(EXCERPTED DATA Opens)

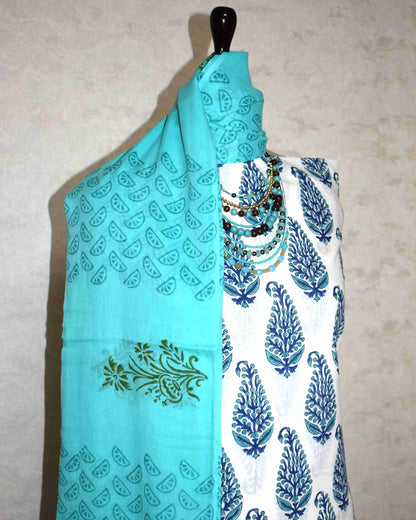 Sanganeri Hand Block Printed Unstitched Cotton Suit Set with malmal dupatta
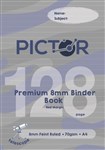 PICTOR PREMIUM A4 128 PAGE BINDER BOOK 8MM RULED 70GSM TELESCOPE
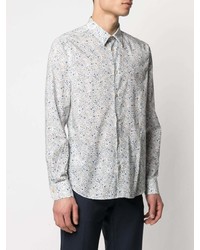 Chemise de ville à fleurs blanc et bleu Paul Smith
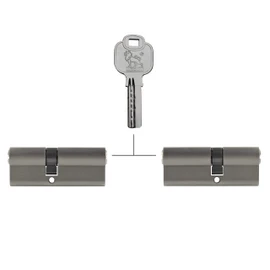 2x Profile Cylinder 70 mm 30/40 Keyed Alike Includes 10 Keys Metallic Silver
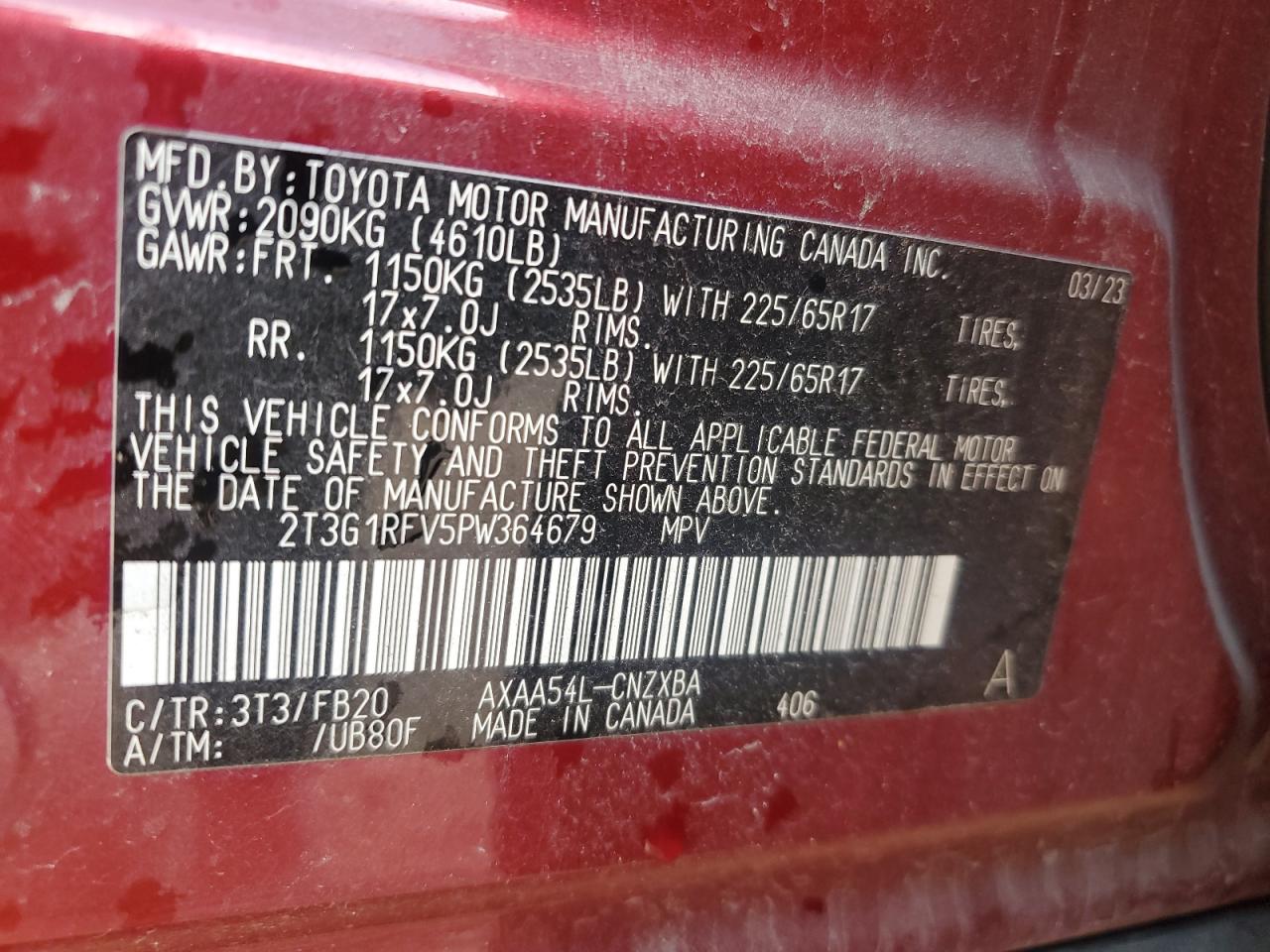 VIN 2T3G1RFV5PW364679 2023 TOYOTA RAV4 no.13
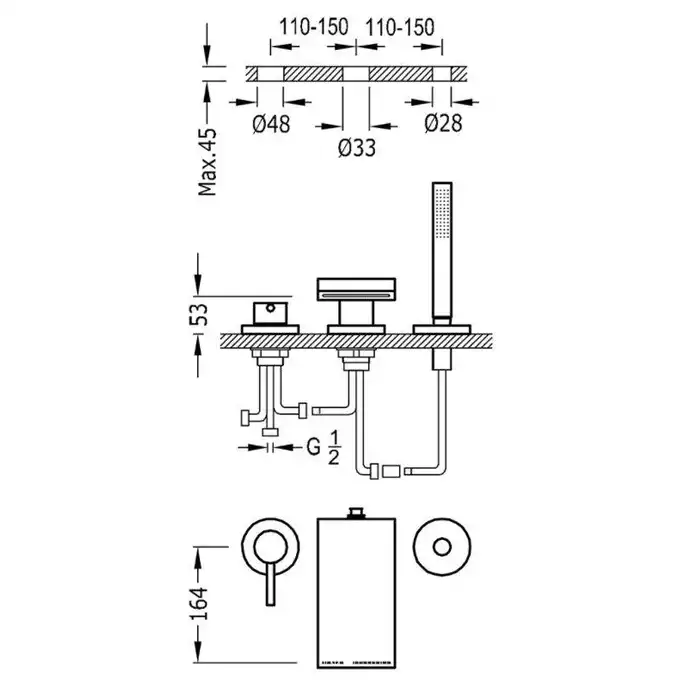 Bateria wannowa trzyotworowa MAX Chrom TRES 162161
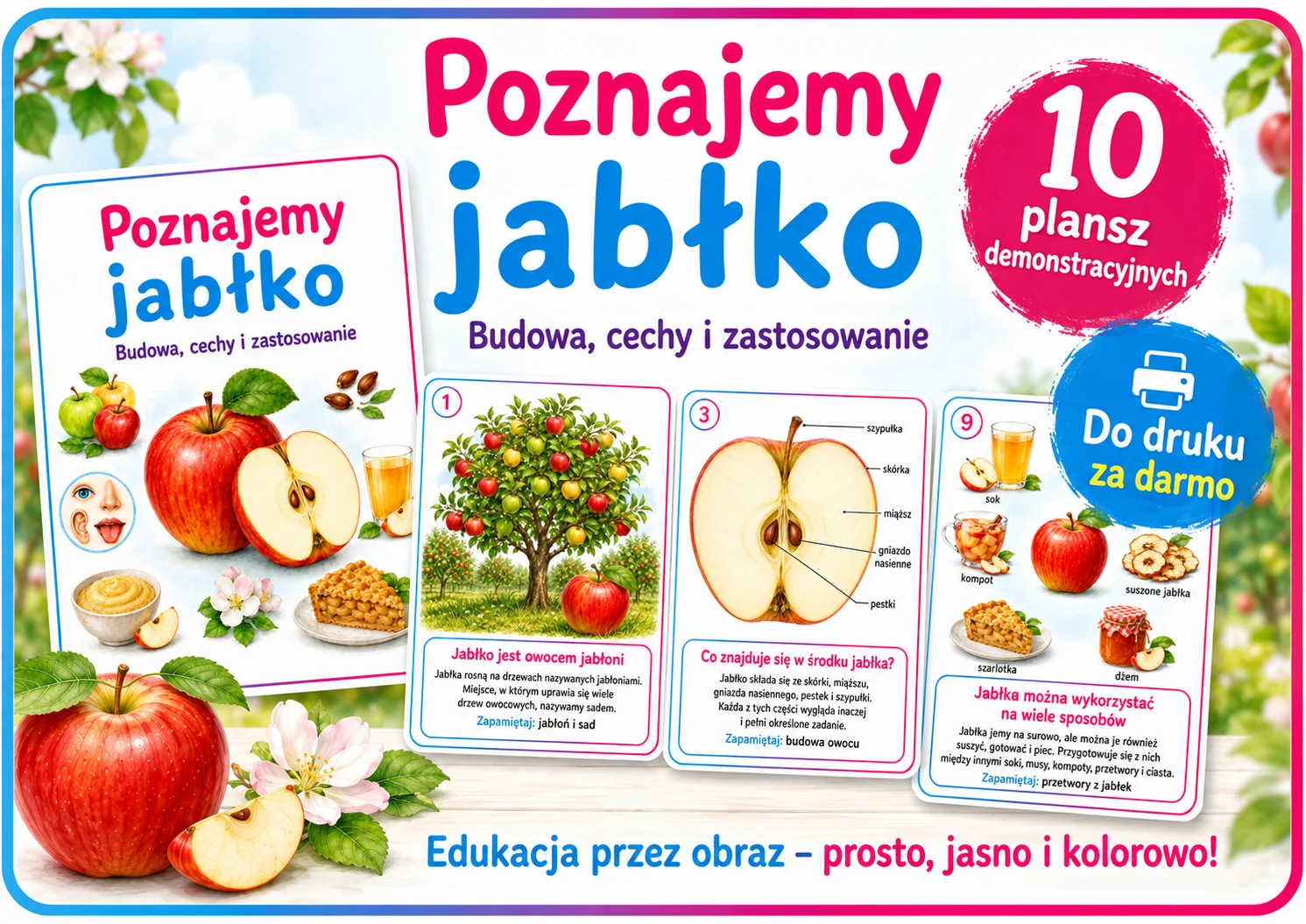 Plansze dydaktyczne: Poznajemy jabłko
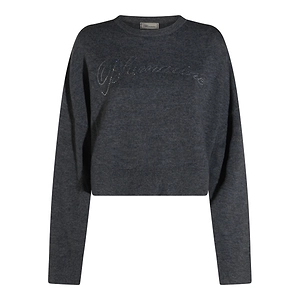 Blumarine Logo Embellished Cropped Sweatershirt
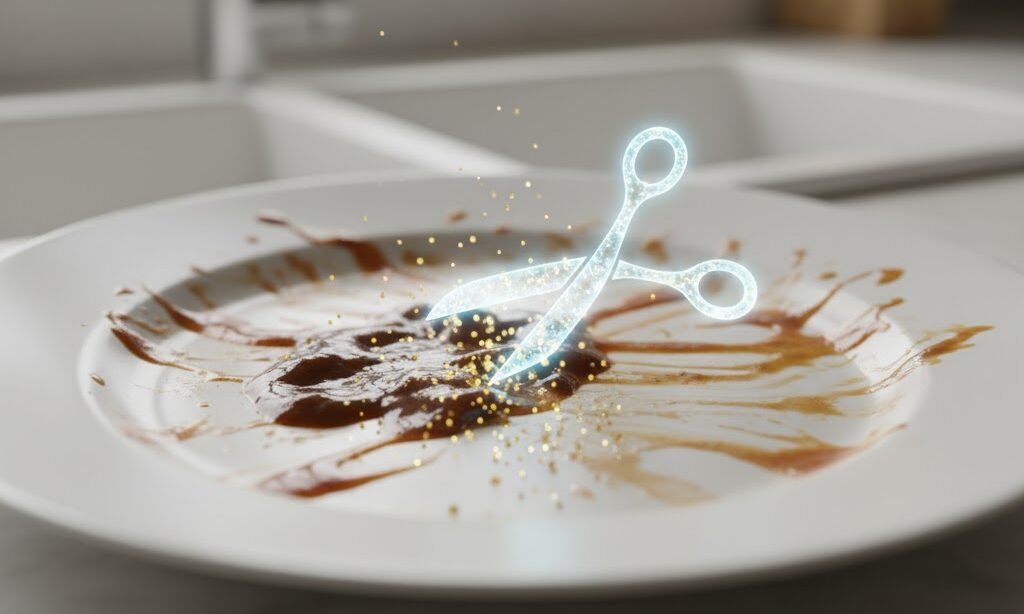 酵素が汚れを細かく分解する様子を光の粒で表現した皿洗いの実写風画像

(EXCERPTED DATA Closes)

#### [WHAT YOU WILL DO]
Could you write out every record exactly, leaving the pictures out?

#### [REPLY TO THE EXERCISE]
 Sanganeri Hand Block Printed Unstitched Cotton Suit Set with malmal dupatta
 PICTOR PREMIUM A4 128 PAGE BINDER BOOK 8MM RULED 70GSM TELESCOPE
 Chemise de ville à fleurs blanc et bleu Paul Smith
 2x Profile Cylinder 70 mm 30/40 Keyed Alike Includes 10 Keys Metallic Silver
 VIN 2T3G1RFV5PW364679 2023 TOYOTA RAV4 no.13
 Bateria wannowa trzyotworowa MAX Chrom TRES 162161
 Plansze dydaktyczne: Poznajemy jabłko
 Blumarine Logo Embellished Cropped Sweatershirt
 酵素が汚れを細かく分解する様子を光の粒で表現した皿洗いの実写風画像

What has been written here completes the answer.